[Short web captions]

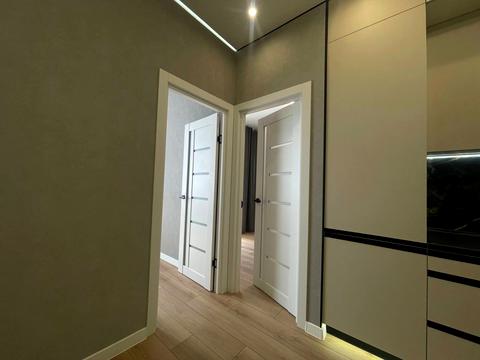 квартира по адресу Краснова ул., 3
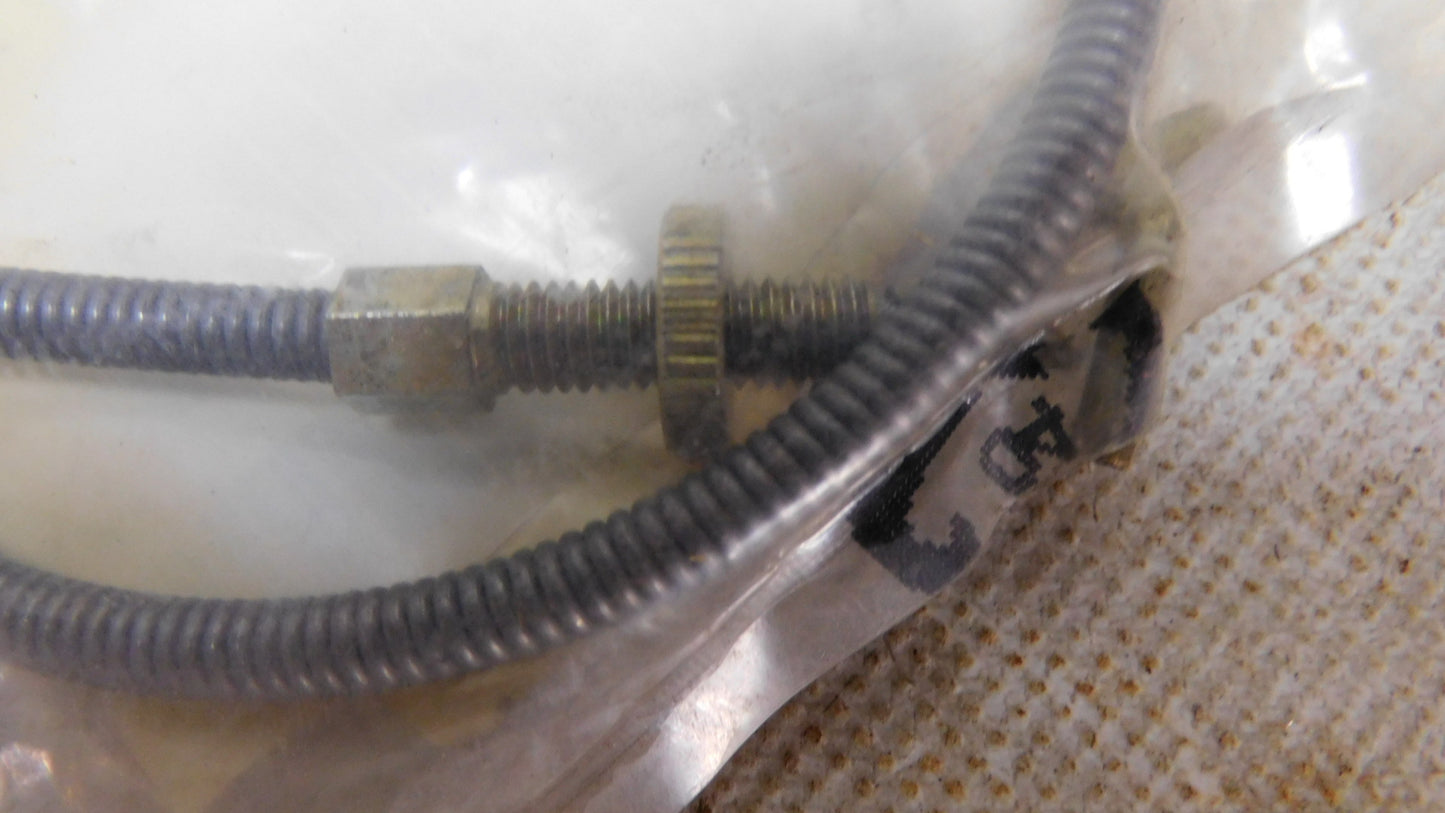 Bowdenzug Auslösekabel Sitzrücken 4402897 9110897 Opel Arena Renault Trafic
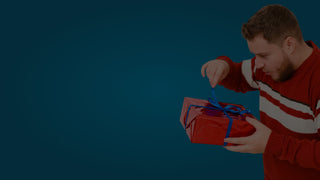 Personalized Gifts for Him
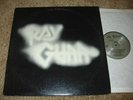 RAY GUNN 1987 private press seattle hard rock heavy hair metal aor queensryche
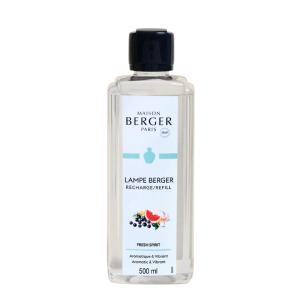Fresh Spirit Fragrance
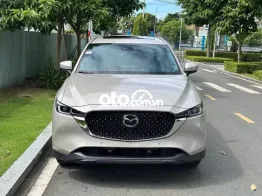 Mazda CX-8 PREMIUM VÀNG năm sản xuất 2026 sẵn xe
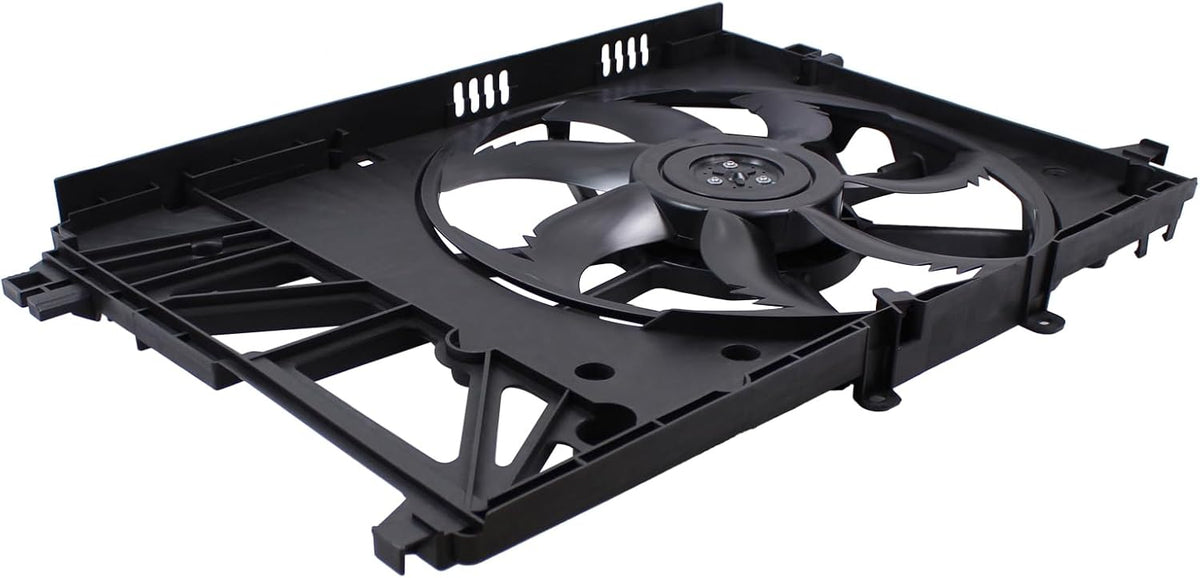 Engine Radiator Cooling Fan Assembly for Toyota Camry RAV4 Avalon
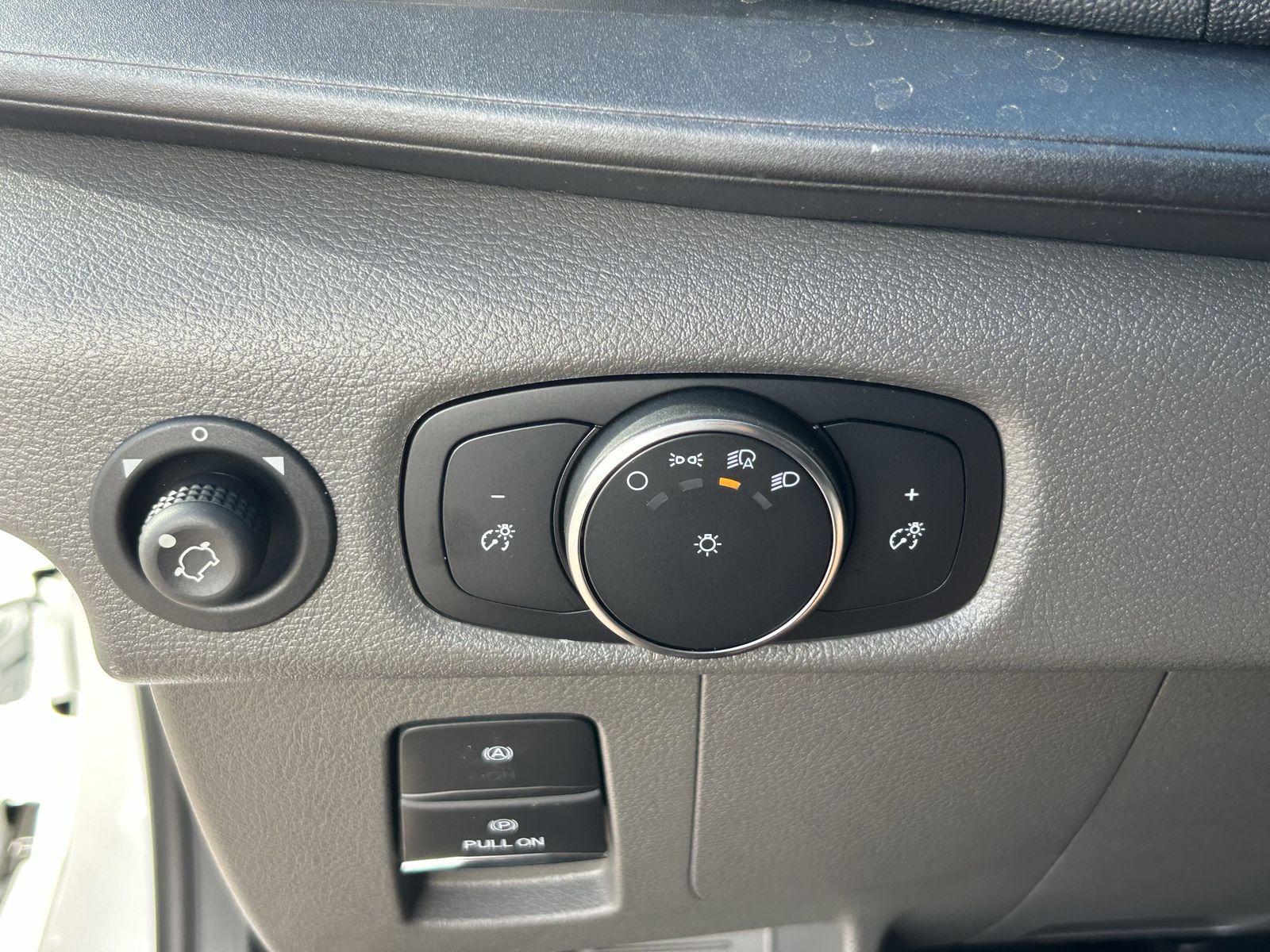 New 2026 Ford Transit 350 - photo 2
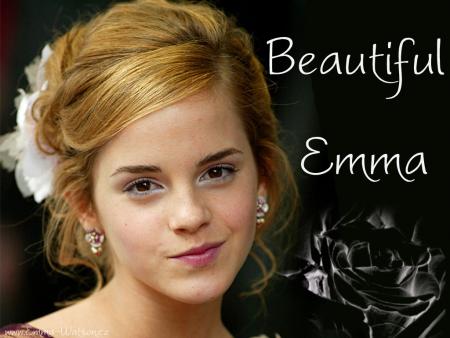 Emma watson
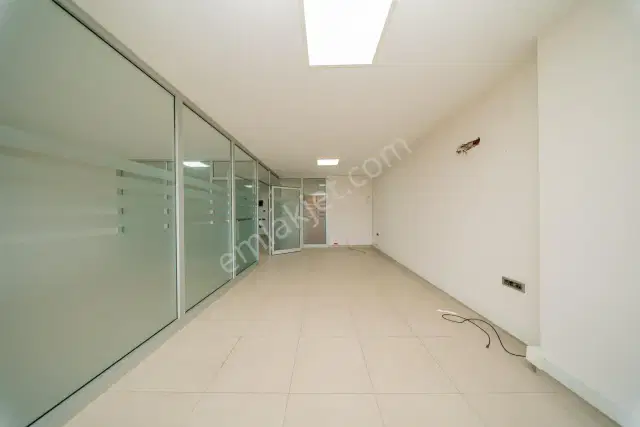Mevlana Kavşağı Özpınarlar Midtown Ara Kat Bölünmüş Ofis Katı — görsel 17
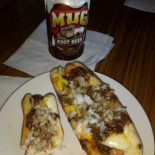 Graham's Cibo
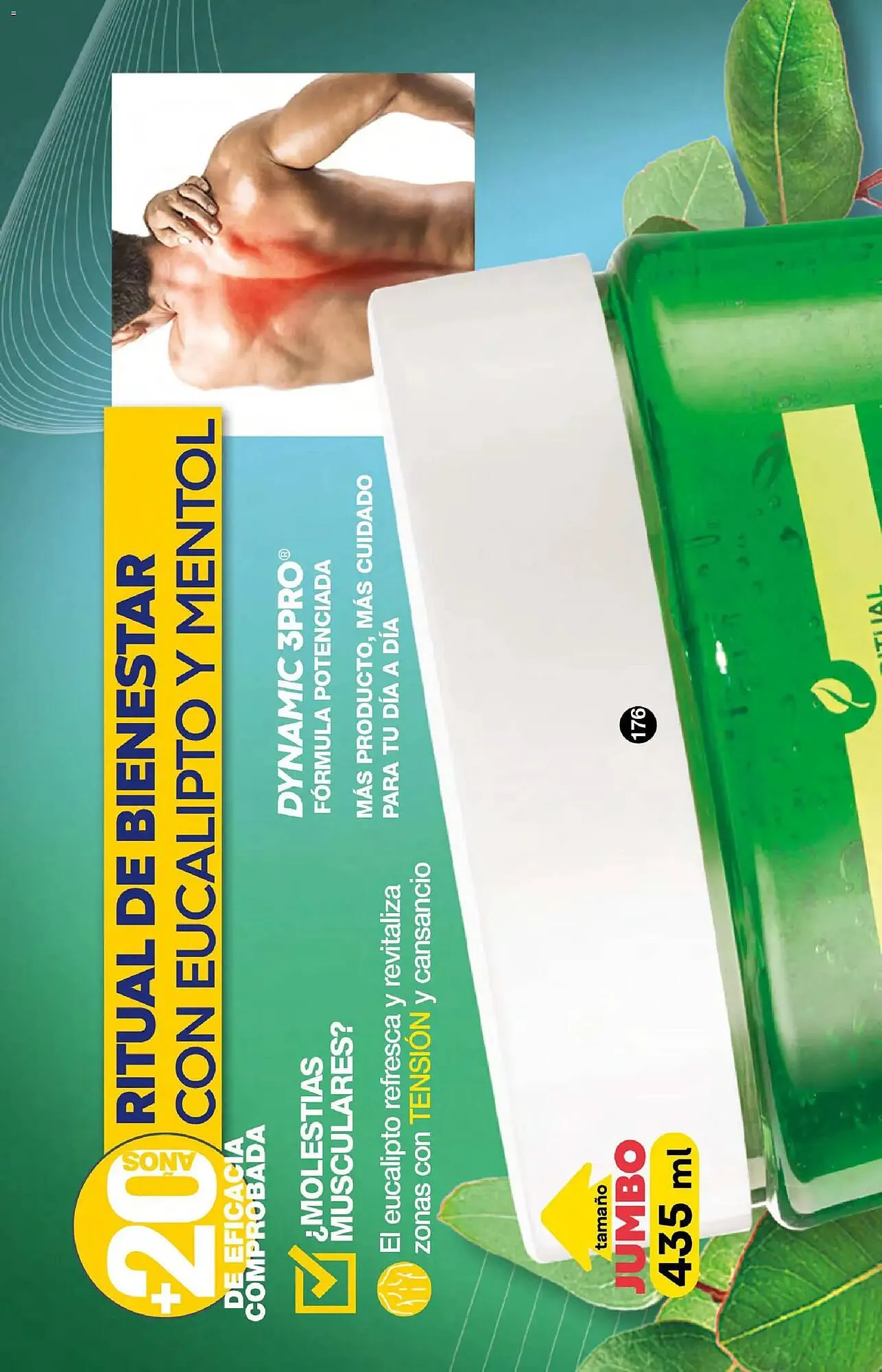 Catálogo de Catálogo Fuller 21 de enero al 10 de febrero 2026 - Pagina 96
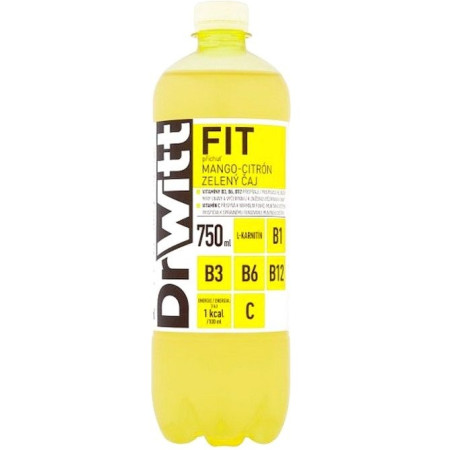 chi tiết DrWitt 0,75L Mango (12)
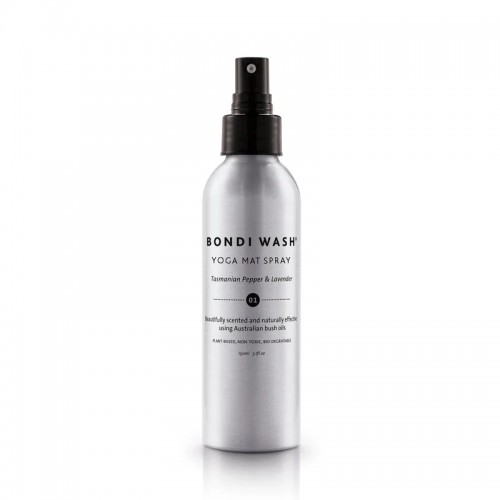 Yoga Mat Spray 150 ml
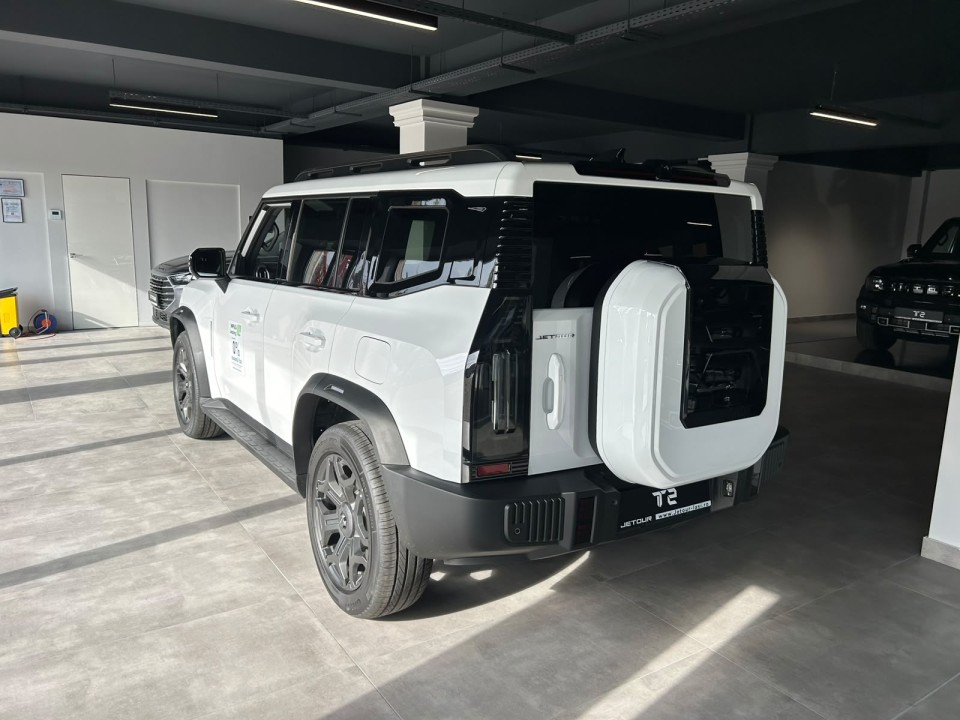 Jetour Traveler T2 (2)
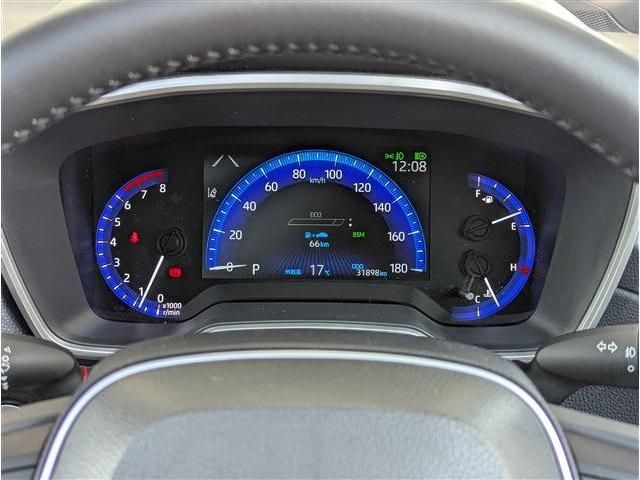 TOYOTA COROLLA CROSS 2023 Image 31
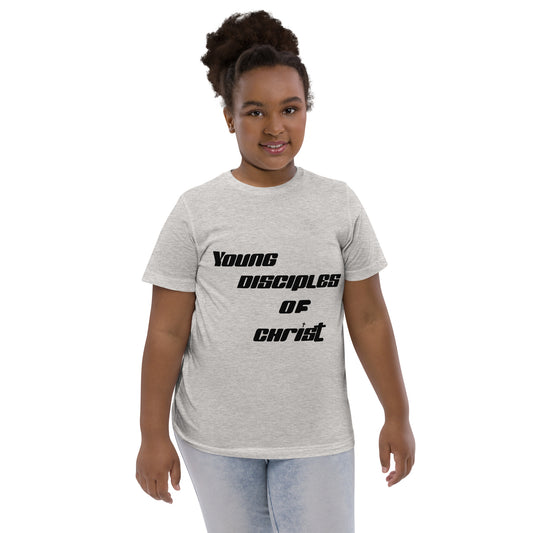 Young Disciples of Christ Youth Tee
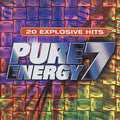 Pure Energy 7 / Various - Pure Energy 7 / Various - Music CD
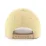 Кепка MVP 47 Brand NY YANKEES One Size Sandy/White B-MVPSP17WBP-LG - 1 - Robinzon.ua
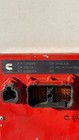 Oem Cummins Isx Engine Control Module Ecm Ecu P n  3683289 Red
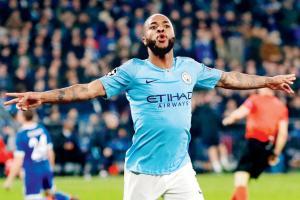 Champions League: We can't win title like this, fumes Pep Guardiola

◆ WHAT TO DO ◆
Please retype, exactly and only, the lines from the one holding "Catálogo de Catálogo" to the end of the entries, both ends included, without any pictures.

◆ ANSWER TO THIS TASK ◆
 Catálogo de Catálogo Fuller 21 de enero al 10 de febrero 2026 - Pagina 96
 chi tiết DrWitt 0,75L Mango (12)
 Yoga Mat Spray 150 ml
 Jetour Traveler T2 (2)
 TOYOTA COROLLA CROSS 2023 Image 31
 Young Disciples of Christ Youth Tee
 Pure Energy 7 / Various - Pure Energy 7 / Various - Music CD
 Кепка MVP 47 Brand NY YANKEES One Size Sandy/White B-MVPSP17WBP-LG - 1 - Robinzon.ua
 Oem Cummins Isx Engine Control Module Ecm Ecu P n  3683289 Red
 Champions League: We can't win title like this, fumes Pep Guardiola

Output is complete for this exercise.